_WHAT YOU HAVE TO DO_
Take the line containing "Dion Mini Dress" and every line after it to the end of the material below; reproduce them exactly, without pictures.

_DATASET CONTENT_
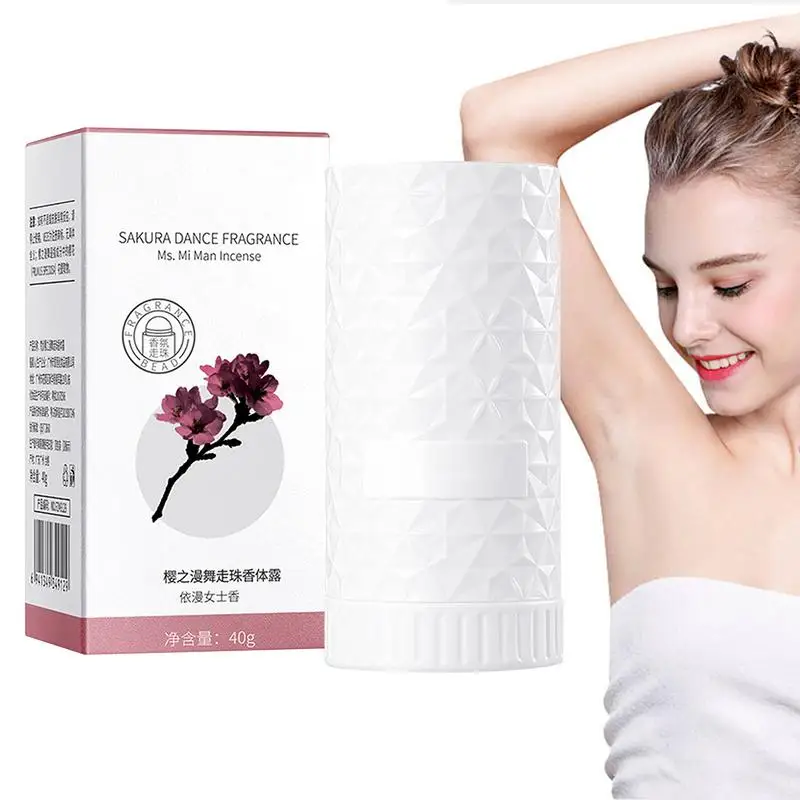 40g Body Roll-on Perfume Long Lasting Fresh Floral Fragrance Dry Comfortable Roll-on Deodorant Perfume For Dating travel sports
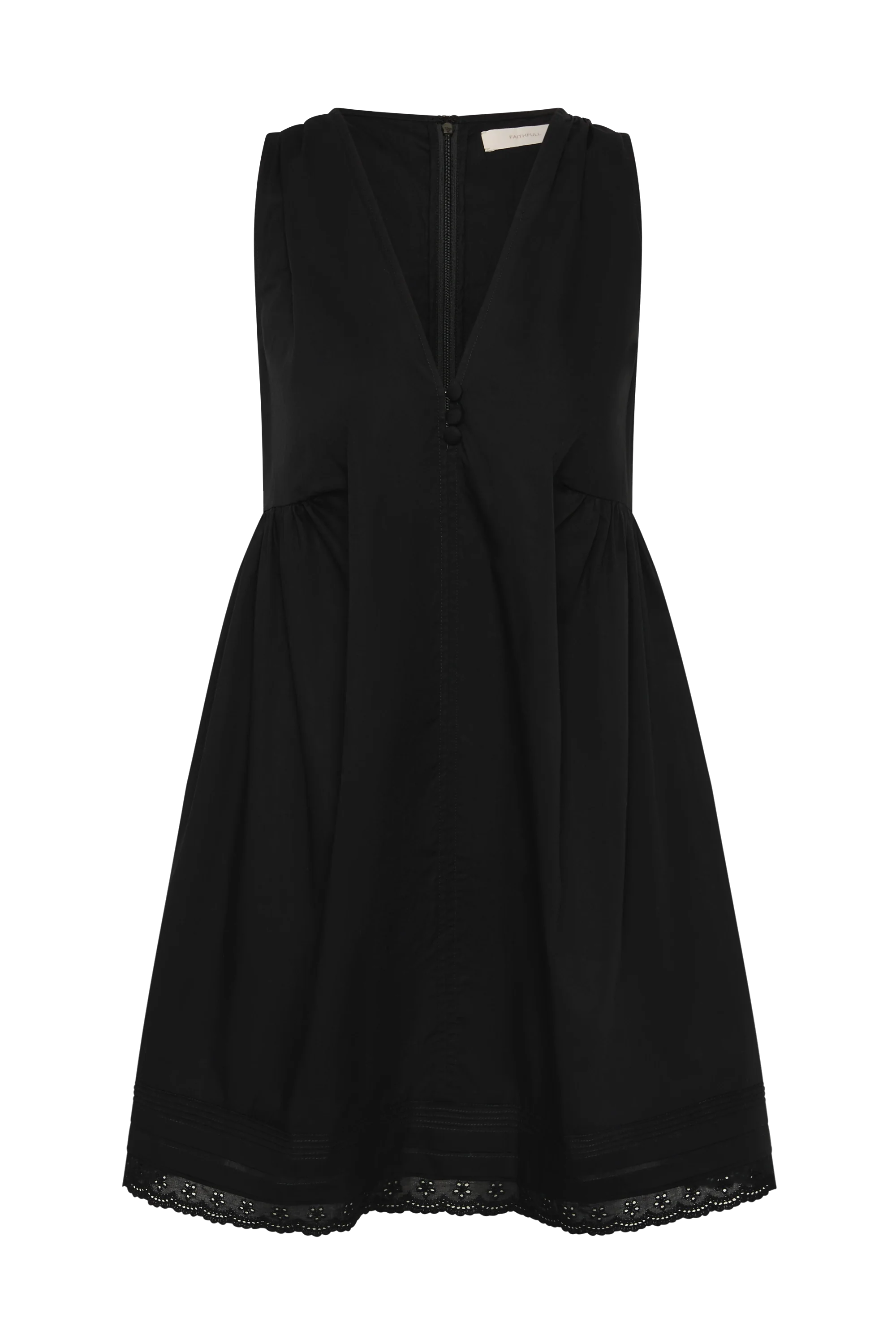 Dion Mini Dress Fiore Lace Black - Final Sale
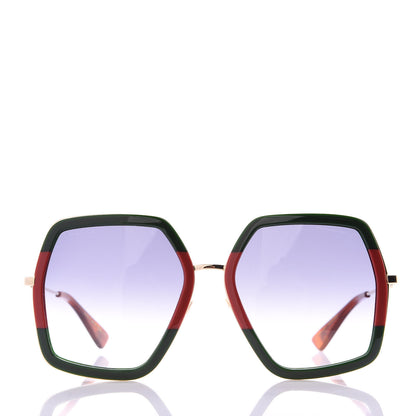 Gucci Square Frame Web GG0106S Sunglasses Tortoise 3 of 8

_EXERCISE RESPONSE_
 Dion Mini Dress Fiore Lace Black - Final Sale
 Gucci Square Frame Web GG0106S Sunglasses Tortoise 3 of 8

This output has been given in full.